[Crawled caption data]
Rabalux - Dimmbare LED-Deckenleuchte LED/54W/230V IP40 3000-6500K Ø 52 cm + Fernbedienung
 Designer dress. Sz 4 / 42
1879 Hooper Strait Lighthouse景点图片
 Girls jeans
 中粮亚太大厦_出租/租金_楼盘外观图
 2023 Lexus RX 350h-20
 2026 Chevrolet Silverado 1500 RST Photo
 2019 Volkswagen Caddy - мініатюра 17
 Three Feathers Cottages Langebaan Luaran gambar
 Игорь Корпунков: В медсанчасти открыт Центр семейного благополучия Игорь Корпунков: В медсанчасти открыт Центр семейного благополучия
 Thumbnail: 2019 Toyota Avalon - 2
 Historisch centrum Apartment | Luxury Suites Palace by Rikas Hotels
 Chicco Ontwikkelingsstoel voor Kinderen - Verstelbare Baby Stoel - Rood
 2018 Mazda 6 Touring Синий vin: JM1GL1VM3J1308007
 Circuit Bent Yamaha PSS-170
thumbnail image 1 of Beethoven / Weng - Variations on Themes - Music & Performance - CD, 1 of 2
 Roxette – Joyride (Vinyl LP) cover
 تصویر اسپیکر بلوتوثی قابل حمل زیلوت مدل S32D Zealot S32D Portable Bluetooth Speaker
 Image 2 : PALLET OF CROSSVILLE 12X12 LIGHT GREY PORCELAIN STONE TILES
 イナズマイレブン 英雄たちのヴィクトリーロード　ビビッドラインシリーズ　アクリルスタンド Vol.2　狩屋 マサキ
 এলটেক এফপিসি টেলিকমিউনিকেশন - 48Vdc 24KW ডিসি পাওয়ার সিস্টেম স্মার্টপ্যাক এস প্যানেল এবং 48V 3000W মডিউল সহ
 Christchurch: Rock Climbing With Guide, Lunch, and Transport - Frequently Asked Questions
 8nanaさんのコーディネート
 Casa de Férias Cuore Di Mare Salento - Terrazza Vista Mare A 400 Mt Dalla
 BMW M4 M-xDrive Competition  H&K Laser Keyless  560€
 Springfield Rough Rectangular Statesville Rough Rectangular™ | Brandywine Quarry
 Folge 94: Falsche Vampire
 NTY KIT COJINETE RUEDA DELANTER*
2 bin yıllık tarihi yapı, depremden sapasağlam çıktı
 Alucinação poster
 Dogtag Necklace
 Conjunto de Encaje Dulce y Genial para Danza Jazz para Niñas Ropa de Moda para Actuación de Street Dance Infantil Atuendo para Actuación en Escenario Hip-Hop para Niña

_ASSIGNED TASK_
The data above needs to be retyped in full, exactly as given.

_TASK SOLUTION_
Rabalux - Dimmbare LED-Deckenleuchte LED/54W/230V IP40 3000-6500K Ø 52 cm + Fernbedienung
 Designer dress. Sz 4 / 42
1879 Hooper Strait Lighthouse景点图片
 Girls jeans
 中粮亚太大厦_出租/租金_楼盘外观图
 2023 Lexus RX 350h-20
 2026 Chevrolet Silverado 1500 RST Photo
 2019 Volkswagen Caddy - мініатюра 17
 Three Feathers Cottages Langebaan Luaran gambar
 Игорь Корпунков: В медсанчасти открыт Центр семейного благополучия Игорь Корпунков: В медсанчасти открыт Центр семейного благополучия
 Thumbnail: 2019 Toyota Avalon - 2
 Historisch centrum Apartment | Luxury Suites Palace by Rikas Hotels
 Chicco Ontwikkelingsstoel voor Kinderen - Verstelbare Baby Stoel - Rood
 2018 Mazda 6 Touring Синий vin: JM1GL1VM3J1308007
 Circuit Bent Yamaha PSS-170
thumbnail image 1 of Beethoven / Weng - Variations on Themes - Music & Performance - CD, 1 of 2
 Roxette – Joyride (Vinyl LP) cover
 تصویر اسپیکر بلوتوثی قابل حمل زیلوت مدل S32D Zealot S32D Portable Bluetooth Speaker
 Image 2 : PALLET OF CROSSVILLE 12X12 LIGHT GREY PORCELAIN STONE TILES
 イナズマイレブン 英雄たちのヴィクトリーロード　ビビッドラインシリーズ　アクリルスタンド Vol.2　狩屋 マサキ
 এলটেক এফপিসি টেলিকমিউনিকেশন - 48Vdc 24KW ডিসি পাওয়ার সিস্টেম স্মার্টপ্যাক এস প্যানেল এবং 48V 3000W মডিউল সহ
 Christchurch: Rock Climbing With Guide, Lunch, and Transport - Frequently Asked Questions
 8nanaさんのコーディネート
 Casa de Férias Cuore Di Mare Salento - Terrazza Vista Mare A 400 Mt Dalla
 BMW M4 M-xDrive Competition  H&K Laser Keyless  560€
 Springfield Rough Rectangular Statesville Rough Rectangular™ | Brandywine Quarry
 Folge 94: Falsche Vampire
 NTY KIT COJINETE RUEDA DELANTER*
2 bin yıllık tarihi yapı, depremden sapasağlam çıktı
 Alucinação poster
 Dogtag Necklace
 Conjunto de Encaje Dulce y Genial para Danza Jazz para Niñas Ropa de Moda para Actuación de Street Dance Infantil Atuendo para Actuación en Escenario Hip-Hop para Niña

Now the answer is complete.